The tap water flow through the bottom orifice of vortex chamber was investigated taking account of the effect of different factors, i.e. the tangential inflow, overflow discharge, deflectors installed inside the chamber. The results show that compared with the conical hopper without tangential inflow, the discharge coefficient (Cd) for vortex chamber with tangential inflow is significantly smaller. Under the effect of the overflow discharge, Cd decreases significantly. The comparisons between the vortex chamber with and without deflector show that Cd for the vortex chamber with deflectors is larger. According to experimental data, different empirical relations of Cd for vortex chamber are developed for different experimental setup; i.e. the effect of tangential inflow, overflow discharge, and deflectors. A muddy water flow through the bottom orifice of vortex chamber was also studied under the effect of tangential inflow and overflow discharge. The effect of muddy water on discharge coefficient for the flow through the bottom orifice is considerable, Cd for muddy flow is lightly larger that for tap water flow. Empirical relations of Cd for muddy water flow through the bottom orifice of vortex chamber are also developed.
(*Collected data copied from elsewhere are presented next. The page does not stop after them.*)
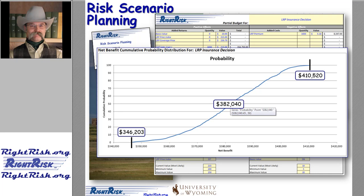The results from a single run may be enough to inform the manager about how to proceed. More likely, evaluating one alternative spurs the manager to ask another what-if question. The values are easily adjusted and a second analysis run to learn what difference a slight adjustment might make in terms of ending net benefits and resulting probabilities. In this way, the Risk Scenario Planning Tool helps a manager compare and evaluate alternative risk management strategies.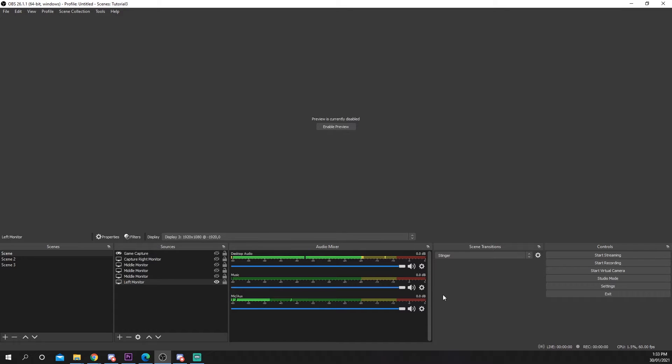To remove music from your stream it will need to be on its own audio track. GoXLR users probably already have this setup.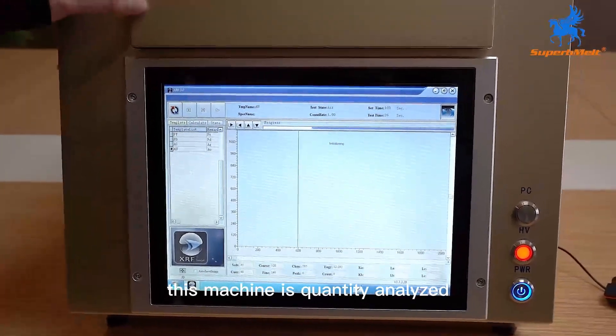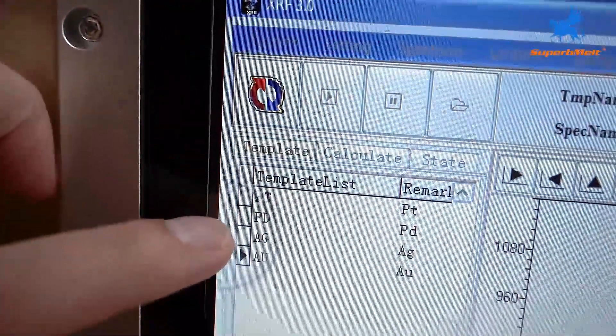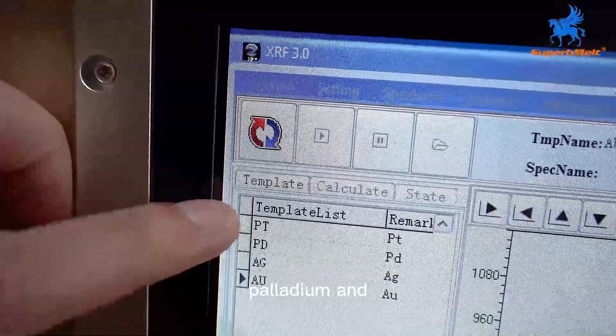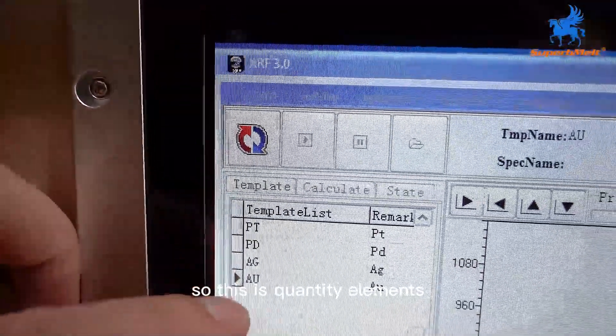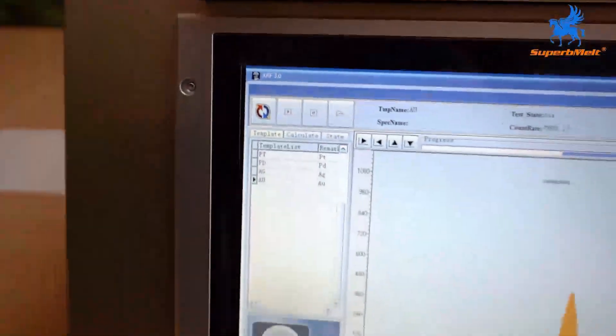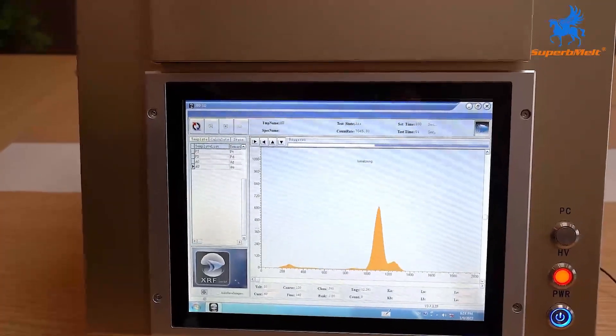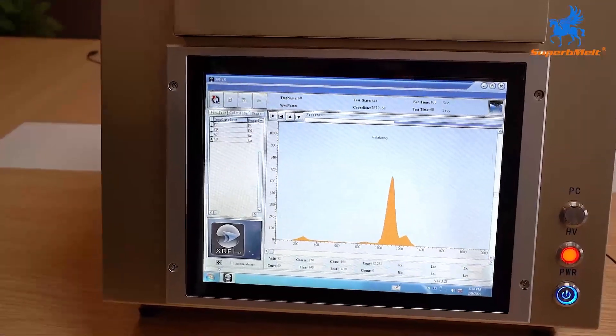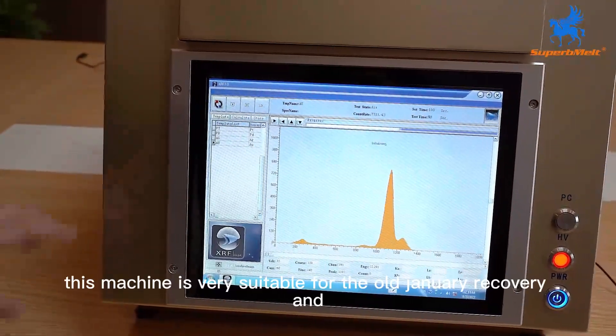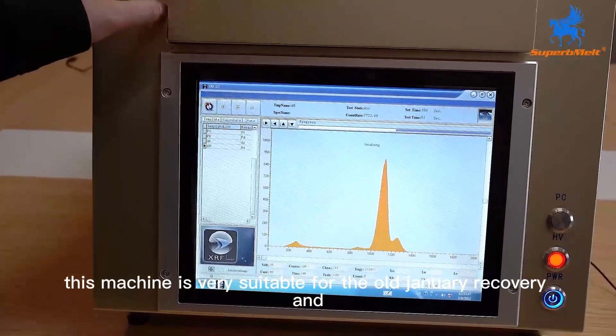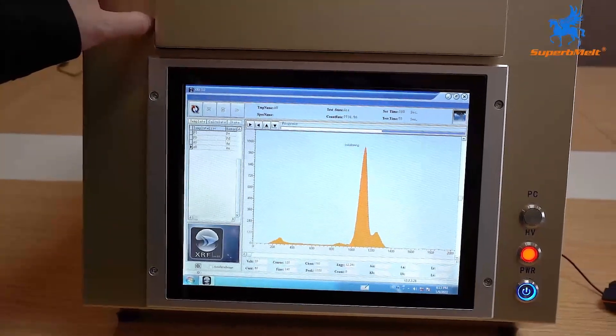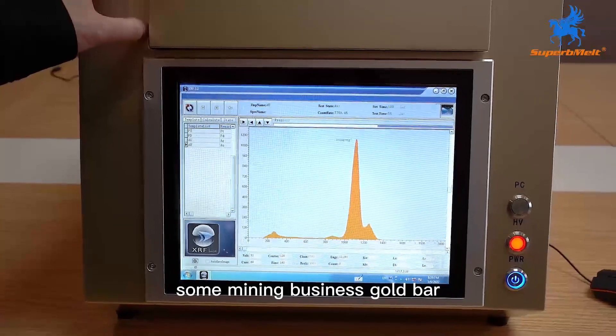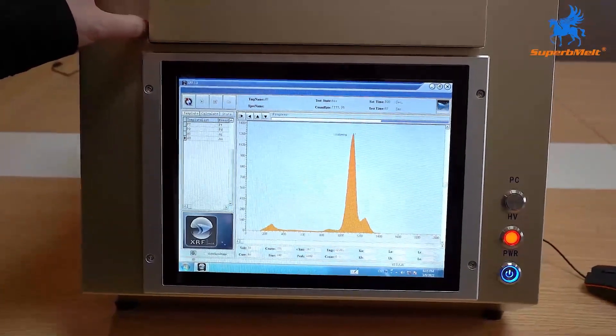This machine is quantity analyzed gold, silver, platinum, and palladium. These are quantity elements. This machine is very suitable for the gold jewelry recovery, and some ore, some mining business, gold bar, mining and sale.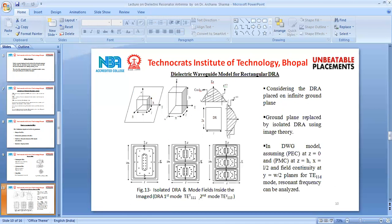The field distribution inside a rectangular DRA follows the dielectric waveguide model. Consider the DRA placed on an infinite ground plane as shown in figure 13. The ground plane can be replaced by an isolated DRA using image theory, so if the antenna height is H, using image theory the effective height becomes 2H. We apply the dielectric waveguide model assuming a perfect electric conductor at Z=0, a perfect magnetic conductor at Z=H and X=L/2, and field continuity at Y=W/2 for the TE₁₁δ mode.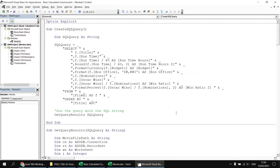So there we go — some basic information about generating calculated columns in SQL SELECT statements. Over the next few videos we'll go into more detail about specific calculation types: conditional expressions using IF and Switch functions, how to deal with nulls in expressions, and how to work with text and dates. Thanks very much for watching — see you next time!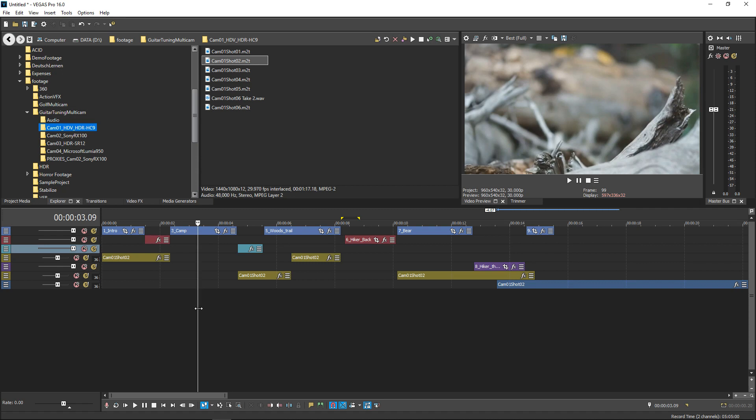On most standard American keyboards, that's the key just to the left of the 1 key across the top of the keyboard.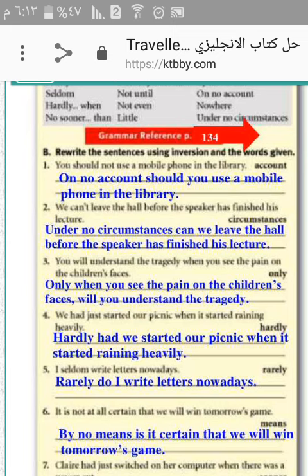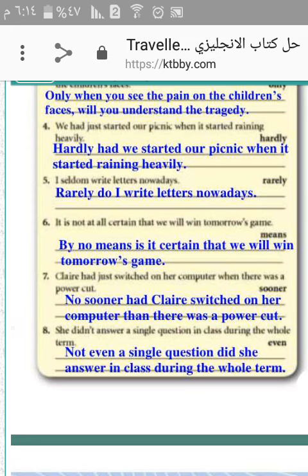No sooner had Carly switched on her computer than there was a power cut. The last one: she didn't answer a single question in class during the whole term. Not even a single question did she answer in class during the whole term. Okay, thank you. See you next time.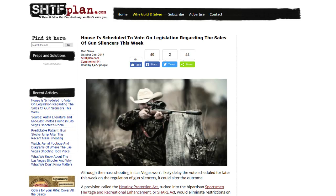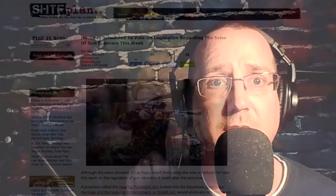mass shooting in Las Vegas won't likely delay the vote scheduled for later this week on the regulation of gun silencers, it could in fact alter the outcome. A provision called the Hearing Protection Act tucked into the bipartisan Sports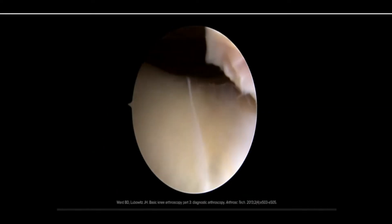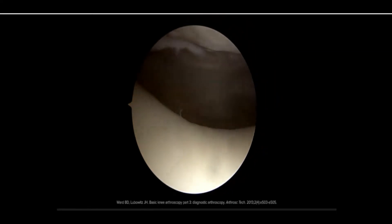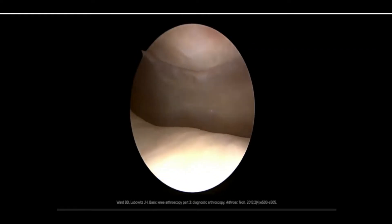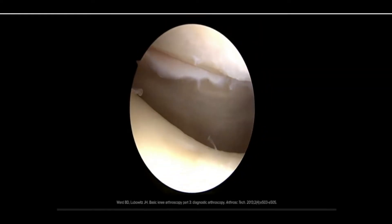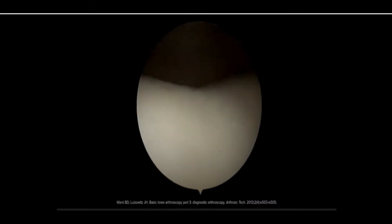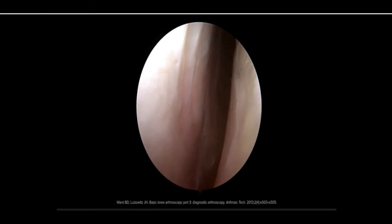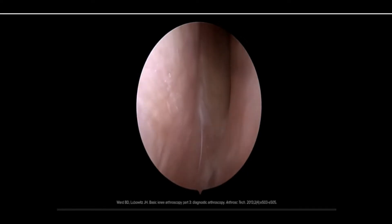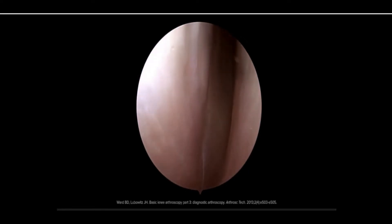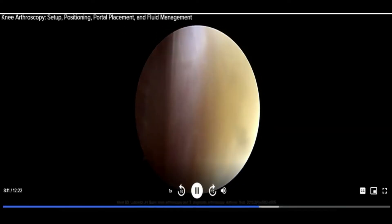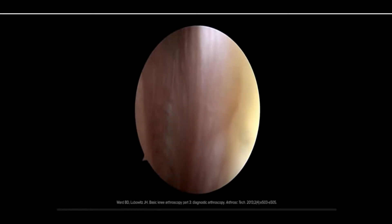The knee can be arthroscopically evaluated in a number of different patterns. It is good practice for the surgeon to develop a routine so no compartment is overlooked. One option is to start with the suprapatellar pouch — ruling out loose bodies — then move to the undersurface of the patella to evaluate for any plica or patellar and trochlear chondromalacia. Transition the scope to the lateral gutter to evaluate for loose bodies and femoral osteophytes, then sweep back over to the medial gutter for the same evaluation.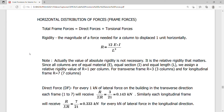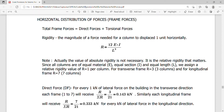This is a continuation of our lecture on how we distribute forces vertically. Our task now is to determine the procedure on how to distribute forces horizontally or laterally.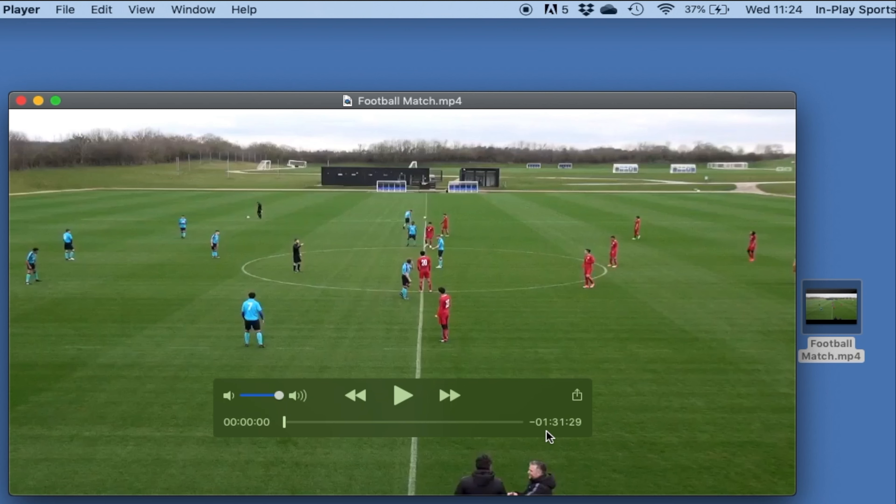You can see this video is currently 1 hour, 31 minutes and 29 seconds long. So I'm going to want to trim some of the end of the video off.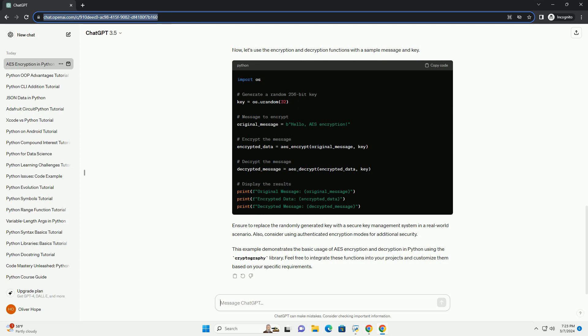This example demonstrates the basic usage of AES encryption and decryption in Python using the cryptography library. Feel free to integrate these functions into your projects and customize them based on your specific requirements.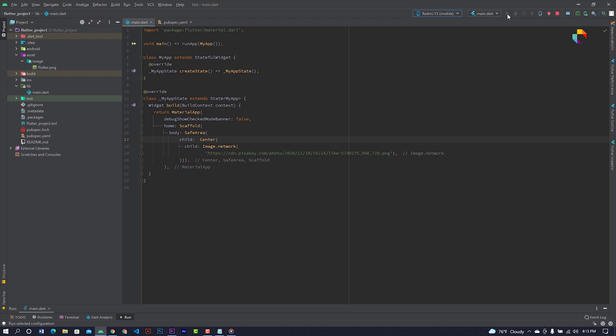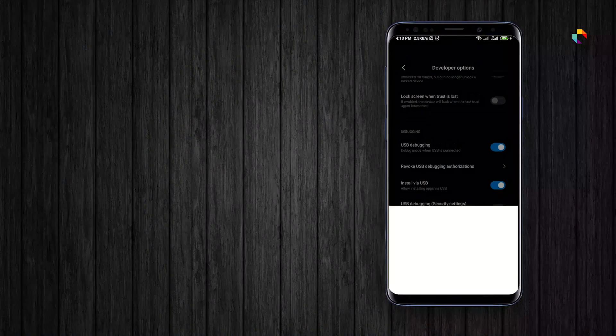Run your application. Your device is already connected with your Android Studio.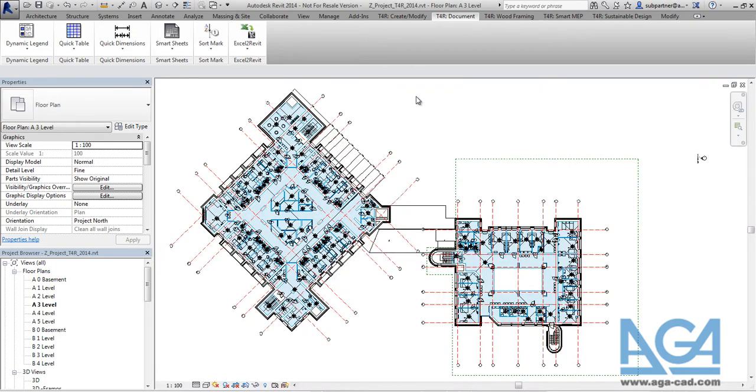Hello, we have released a new version of Excel to Revit, so right now I will try to show the main features.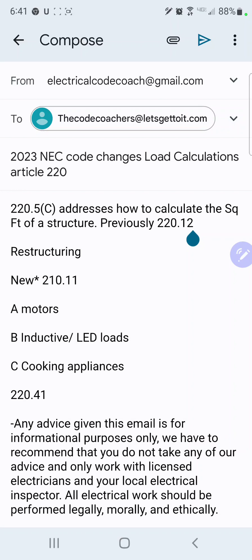Just to clarify: if we're doing a load calculation and we're trying to figure out the square feet of the home to determine our general square foot load calculation for lighting and general receptacles, historically we would use the outside dimensions of the house. So if it was a 30 by 30, we would use those dimensions, but we would not include garages, open porches, and basements or areas that are not adaptable for future use — which is subject to your and your inspector's interpretation.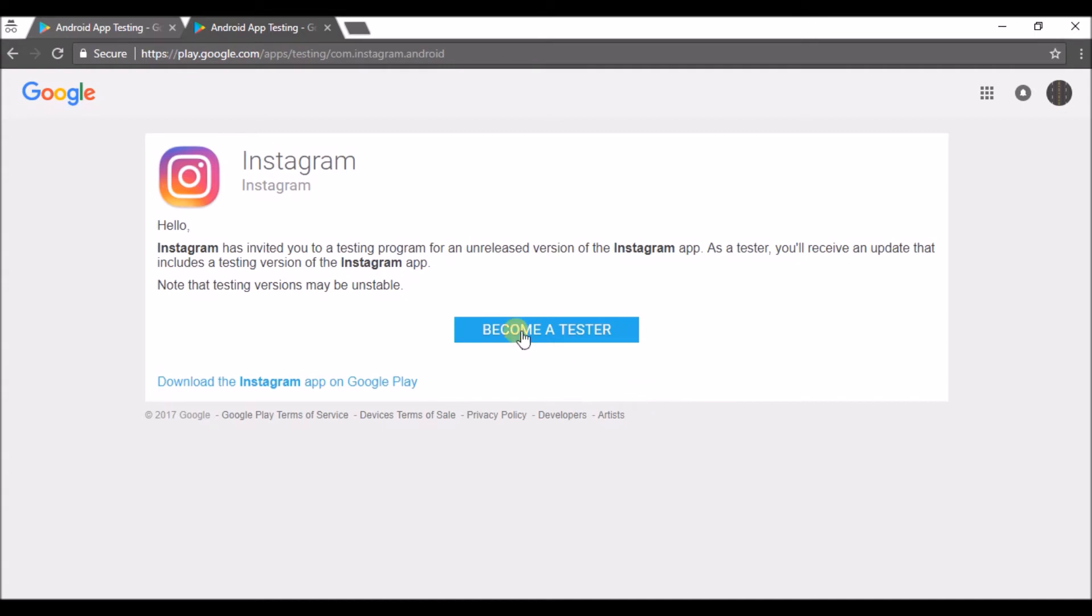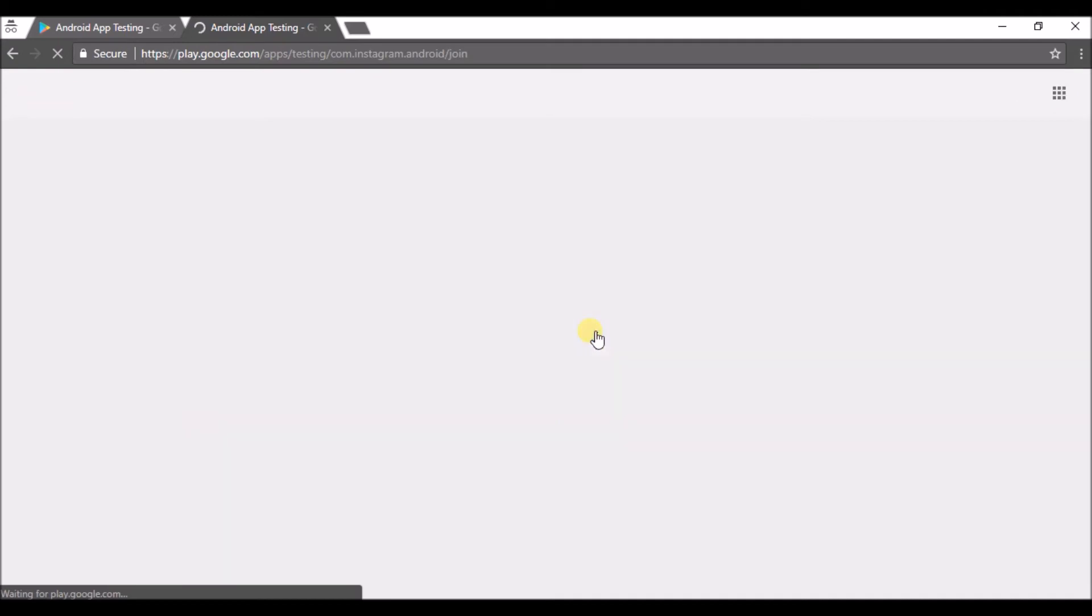If you like it, you can click on become a tester. Once you click on become a tester, it says you are now a tester. I have joined the testing program of Instagram, so I'll get a pre-released version of Instagram on my mobile.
The sediment removal efficiency (η) affected by different factors was studied in the thesis, i.e. number of deflector, bottom orifice diameter, overflow discharge. According to experimental results, the effect of number of deflector on η is significant, and the vortex chamber with three deflectors has the largest value of η compared with the other cases. The experimental data also showed that the bottom orifice diameter (Du) and overflow discharge (Qo) influence on η significantly. And the effect of Du is more significant than that of Qo on the sediment removal efficiency η. Based on experimental data, one empirical relation for η was also developed, and this proposed relation should be useful for engineers to estimate the sediment removal efficiency for this type of vortex chamber.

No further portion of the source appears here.